Chief Clerk of the Minnesota House of Representatives
- In office 1861–1862
- Preceded by: Jared Benson
- Succeeded by: Alfred B. Webber

Personal details
- Born: December 7, 1835 Binghamton, New York, U.S.
- Died: November 7, 1896 (aged 60) New York City, New York, U.S.
- Resting place: Upper Plain Cemetery Bradford, Vermont, U.S.

= David Blakeley =

American newspaper editor and politician (1835 – 1896)

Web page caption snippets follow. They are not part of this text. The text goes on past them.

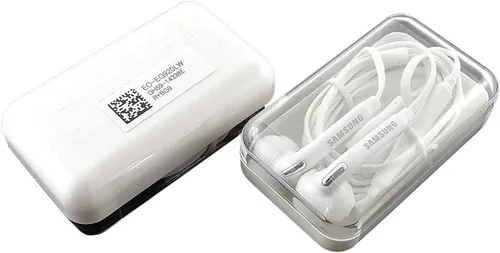 Vista 2 de Samsung Auriculares con cable OEM de 0.138 in con compatibilidad universal EO-EG920LW (estuche joya con argelas adicionales)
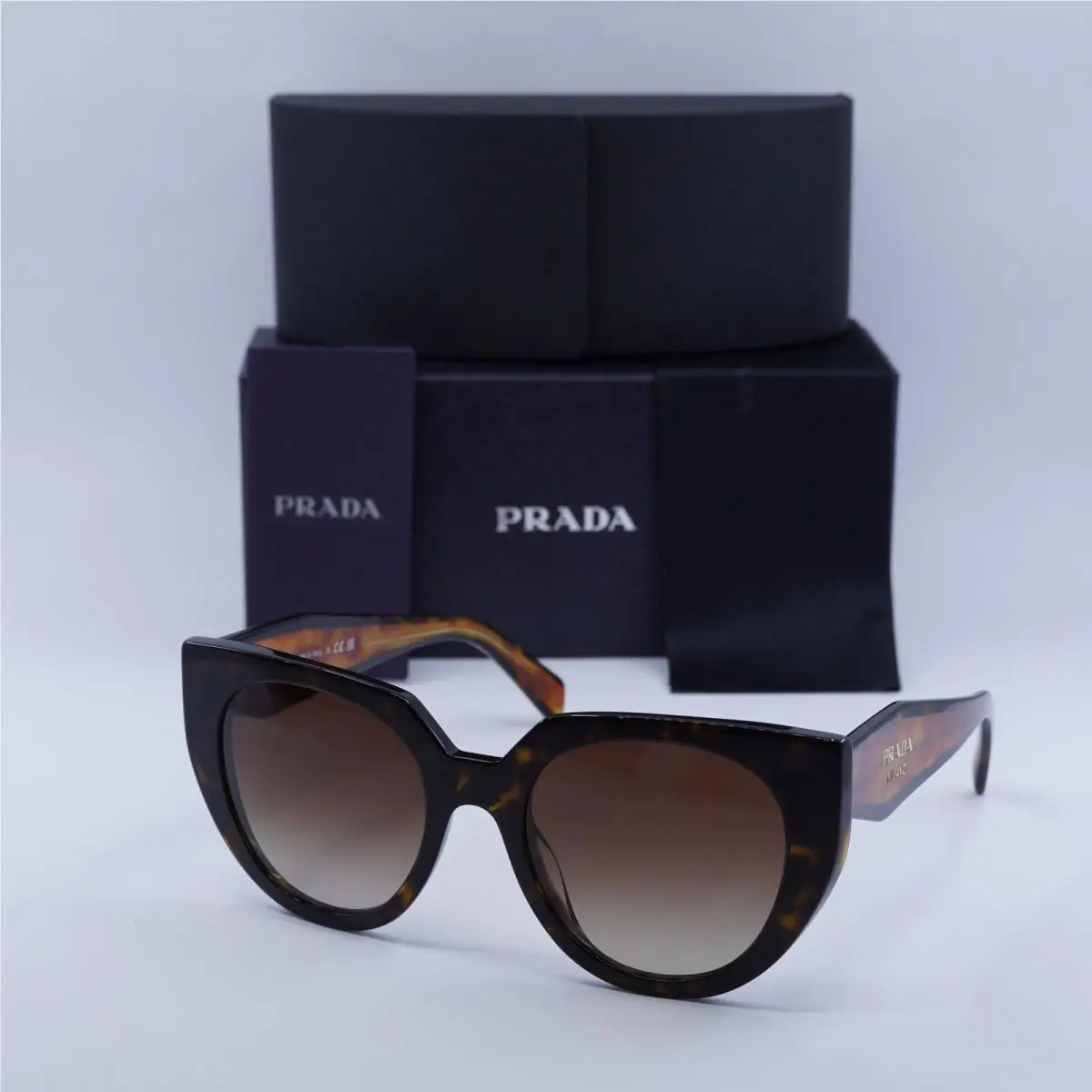 Prada PR14WS 2AU6S1 Havana/brown Gradient 52-20-140 Sunglasses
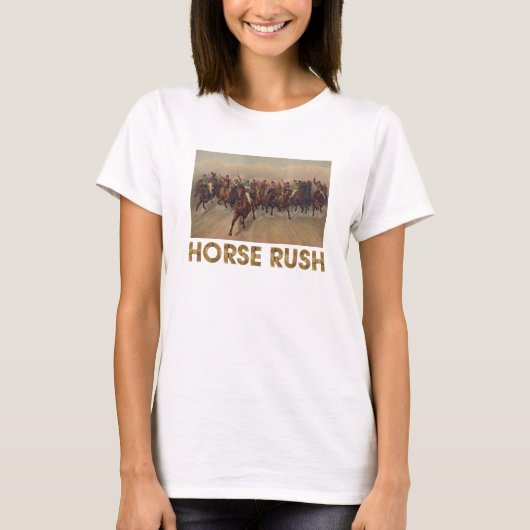 TOP Horse Rush Dames T-shirts (Voorkant)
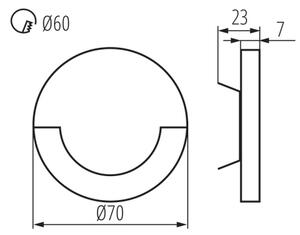 Kanlux 27559 - LED Nástěnné schodišťové svítidlo SOLA LED/0,8W/12V 3000K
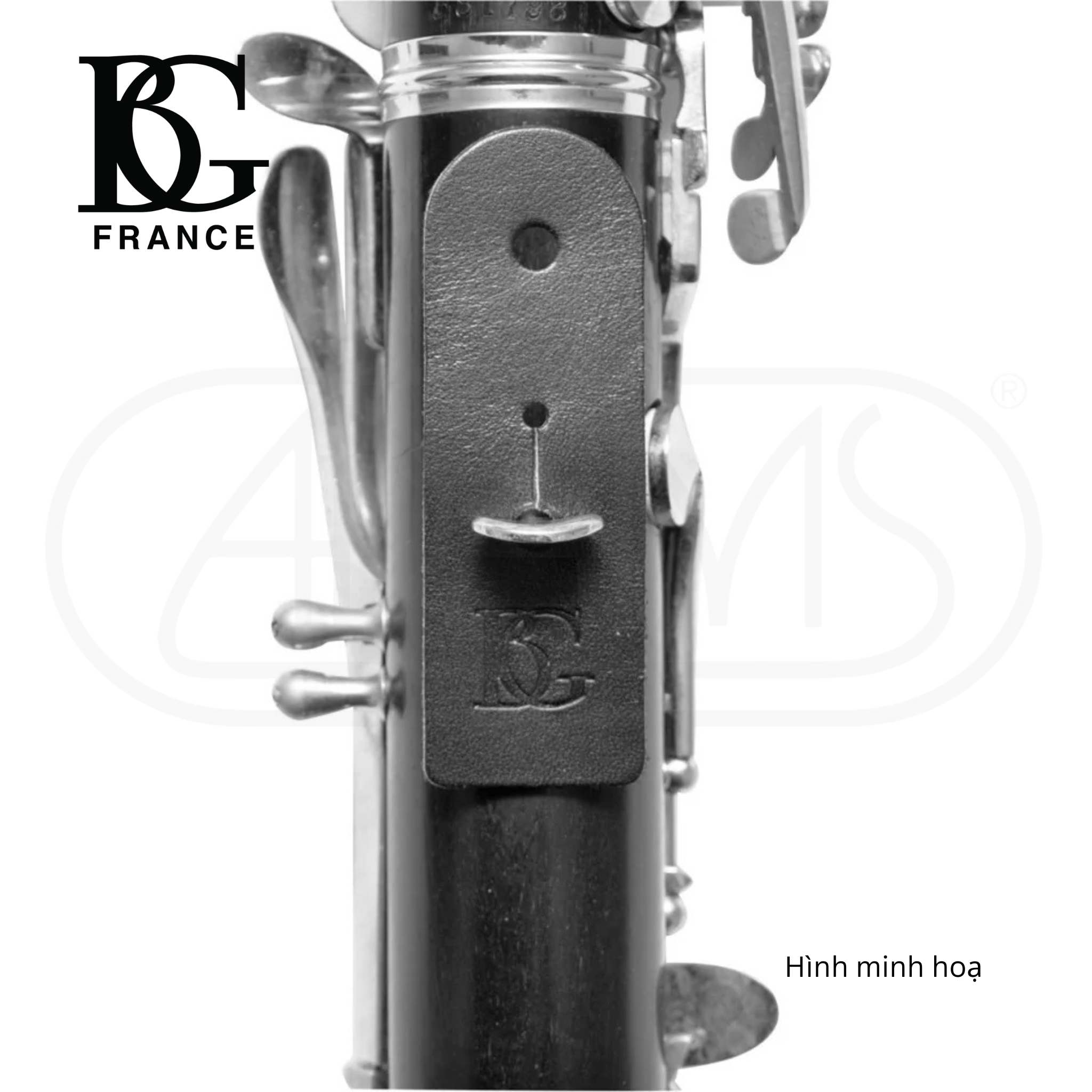  Miếng đệm da cho dây đeo Clarinet & Oboe BG France LEATHER PAD CONNECTOR ALP 
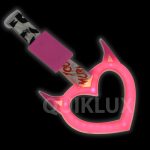 آویز سوریکاوا چراغ دار رنگ صورتی سفید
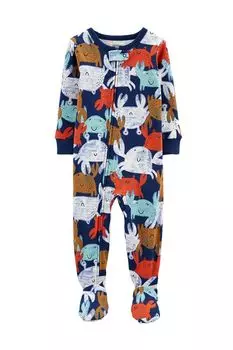 Комбинезон хлопковый с принтом Carter's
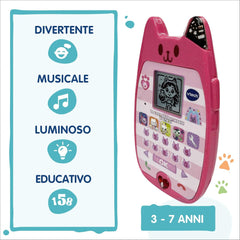 Il miaoraviglioso telefono di Gabby con 4 giochi inclusi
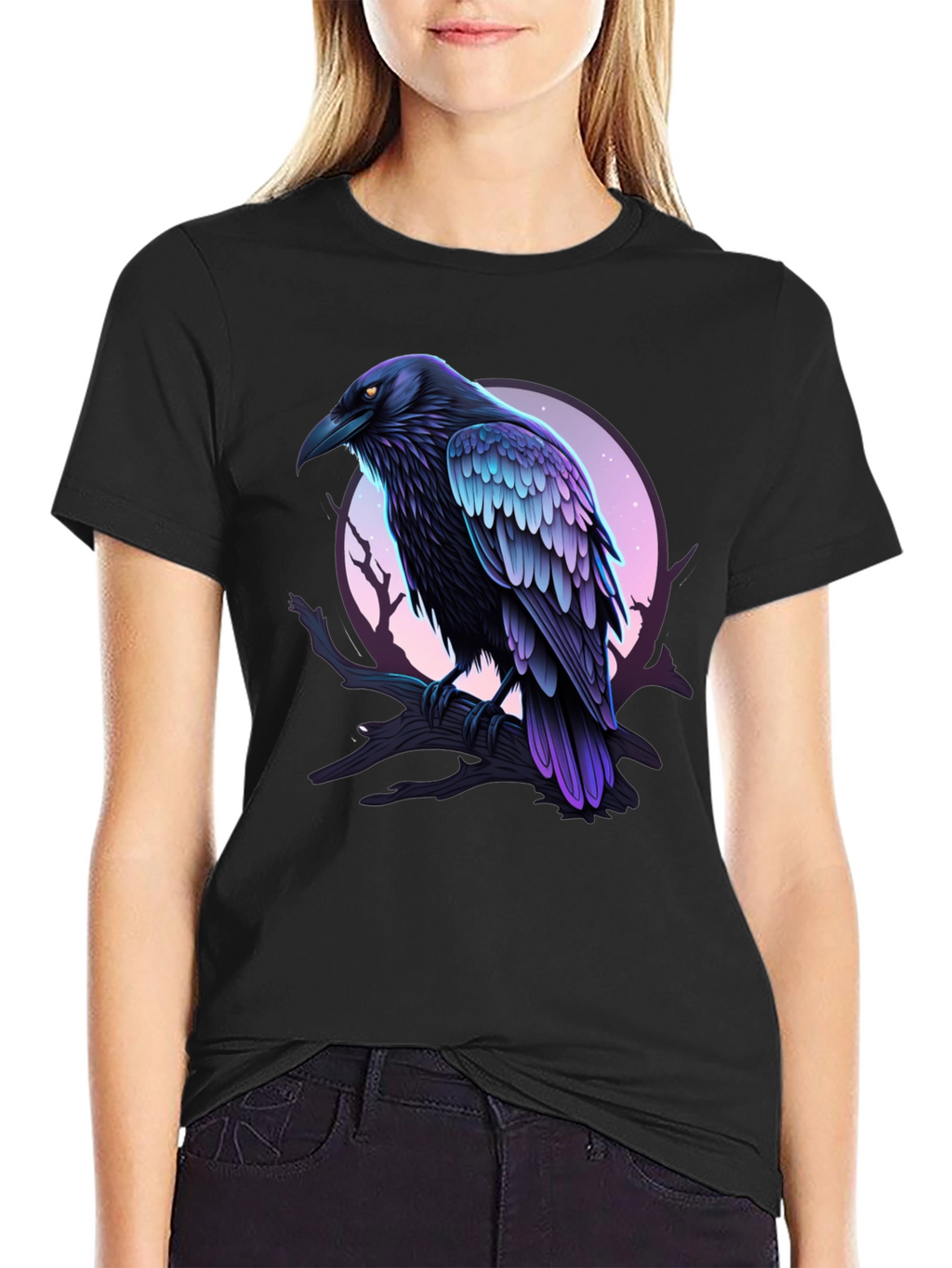 Raven Graphic Tee - Mens Black T-Shirt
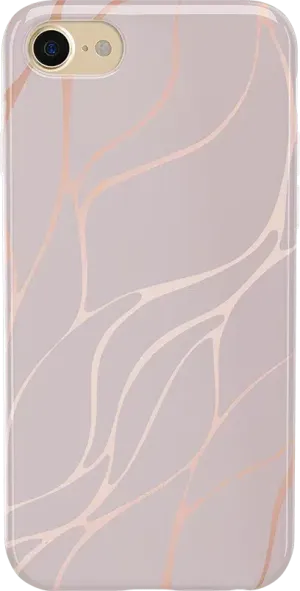 Midnight Ride | Pink and Gold Metallic Waves Case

David Blakeley (December 7, 1835 – November 7, 1896), sometimes spelled as David Blakely, was an American newspaper editor, businessman, and politician who served two terms as the chief clerk of the Minnesota House of Representatives from 1861 to 1862 and two terms as the third Minnesota Secretary of State from 1862 to 1866. Blakeley later served as the band manager of both Patrick Gilmore and John Philip Sousa.

== Early life ==
David Blakeley was born on December 7, 1835, in Binghamton, New York. At a very young age Blakeley's family moved to East Berkshire, Vermont. While in Vermont Blakeley was trained in the printing trade before moving in to Bancroft Township in modern-day Freeborn County (then part of Mower County) in Minnesota Territory in 1856 where he established a newspaper. Not finding success in Bancroft, Blakeley moved to Austin, Minnesota where he established another newspaper, the Mower County Mirror, and was the local Recorder of Deeds. In 1859 Blakeley moved to Rochester, Minnesota where he established the Rochester City Post newspaper.

== Printing career ==
Throughout his life in Minnesota Blakeley and his brothers were each heavily involved in the printing and editing of various newspapers including the Rochester Post, the St. Paul Pioneer Press, and the Minneapolis Tribune. According to the Minnesota Historical Society Blakeley and his two brothers Amherst W. Blakeley and Clarence Blakeley were responsible for the 1875 merging of the St. Paul Pioneer and the St. Paul Press to form the St. Paul Pioneer Press. Later in 1865 when Blakeley lived in Illinois he purchased and improved the Chicago Evening Post. Blakeley later owned and operated the Chicago-based Blakely Printing Company.

== Politics ==
Beginning in 1860 Blakeley ran for the political office of chief clerk of the Minnesota House of Representatives which he won and eventually served as Chief Clerk for the 3rd Minnesota Legislature and the 4th Minnesota Legislature. Blakeley later ran as a Republican in the 1863 Secretary of State Election for the position of Minnesota Secretary of State against Minnesota Democrat Amos Coggswell. Blakeley won 60.73% of the vote with a majority margin of +21.46%. Blakeley was preceded by James H. Baker succeeded by Henry C. Rogers.

== Later life ==
In 1880 Blakeley abandoned the newspaper industry and instead chose to focus on managing the bands of both Patrick Gilmore and John Philip Sousa. A large number of papers and archival materials pertinent to Blakeley's time spent with both Sousa and Gilmore between 1892 and 1896 are held by the New York Public Library. During a tour in New York Blakeley died suddenly at Carnegie Hall on November 7, 1896, after receiving a head injury during a bicycle accident several weeks earlier while in Bradford, Vermont where he was later buried.

== Personal life ==
Blakeley was married to Adeline "Addie" Low of Vermont in 1858, together they had four children.

== In popular culture ==
Blakeley is portrayed by American actor Thomas Browne Henry in the 1952 American biographical film Stars and Stripes Forever.